Television

Symbolism, Imagery, Allegory

Window to the World

Whether you love television or hate it, one thing's for certain: It isn't natural. It's artificial through and through, scenes unfolding on a screen, broadcast after being scripted, recorded, and who knows what else in some other time and place than they are viewed. And this—unnaturalness—is what television symbolizes in The One and Only Ivan.

Fun fact: Gorillas in the wild don't watch television. Un-fun fact: Ivan totally does when he lives at the mall. So if we ever forget that he's a gorilla living in a mall, the television in his cage reminds us that this hairy dude is far from home. And not only that, but the place he's in doesn't seem to give two figs about this reality; people clamber to see Ivan, and nary a complaint is filed about how just unsuited to a gorilla his living conditions are (well, until Ivan takes matters into his own hands, that is).

Speaking of people visiting Ivan, in his cage with a glass window, he's sort of like a television show. He's reduced to a character for entertainment, something to ogle instead of seriously consider and care for, a means for Mack to make money first and foremost. The glass window on his cage is like a television screen, and Ivan is stuck behind it, unable to make people look away or control their ability to see him. Ivan is, if you will, regularly scheduled programming.

Interestingly, though, television gets credit for making Ivan aware of the fact that there are actually other gorillas in the world. When he sees another gorilla on a nature program, he understands that he is not the only gorilla in the universe, which is pretty big.
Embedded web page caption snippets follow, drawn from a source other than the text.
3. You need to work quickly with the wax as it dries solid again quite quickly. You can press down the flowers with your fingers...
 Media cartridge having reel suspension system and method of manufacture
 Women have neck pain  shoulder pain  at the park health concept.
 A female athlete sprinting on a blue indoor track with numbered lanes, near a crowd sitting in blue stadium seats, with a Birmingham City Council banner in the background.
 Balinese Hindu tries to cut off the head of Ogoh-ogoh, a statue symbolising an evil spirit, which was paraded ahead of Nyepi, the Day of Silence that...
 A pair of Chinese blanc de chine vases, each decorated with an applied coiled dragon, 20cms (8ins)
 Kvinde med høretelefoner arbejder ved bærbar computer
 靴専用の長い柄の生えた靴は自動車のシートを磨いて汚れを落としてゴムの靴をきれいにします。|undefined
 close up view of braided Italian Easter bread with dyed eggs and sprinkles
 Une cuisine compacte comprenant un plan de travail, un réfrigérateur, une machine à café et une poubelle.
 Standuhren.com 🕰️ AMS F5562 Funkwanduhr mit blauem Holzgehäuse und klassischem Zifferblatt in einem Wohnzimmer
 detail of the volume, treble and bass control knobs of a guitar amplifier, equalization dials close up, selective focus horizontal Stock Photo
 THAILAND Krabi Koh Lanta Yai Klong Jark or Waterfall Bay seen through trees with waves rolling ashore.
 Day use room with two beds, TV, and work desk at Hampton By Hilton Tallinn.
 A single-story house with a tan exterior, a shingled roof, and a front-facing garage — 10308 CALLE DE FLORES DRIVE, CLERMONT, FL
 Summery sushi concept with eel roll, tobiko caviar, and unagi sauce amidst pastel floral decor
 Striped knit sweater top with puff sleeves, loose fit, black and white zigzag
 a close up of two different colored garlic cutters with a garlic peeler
Though Ivan has memories of being with his gorilla family as a baby, by this point he has spent so much time in a cage alone that he's not sure whether there are any others left anymore. So for all of the ways in which television symbolizes unnaturalness in this book, it also begins reconnecting Ivan with nature. And since Ivan never actually returns to the wild—a zoo is the closest he gets (more on that elsewhere in this section)—that television is how Ivan realizes he's not alone as a gorilla is fitting. A manmade connection to nature is Ivan's best option in the end.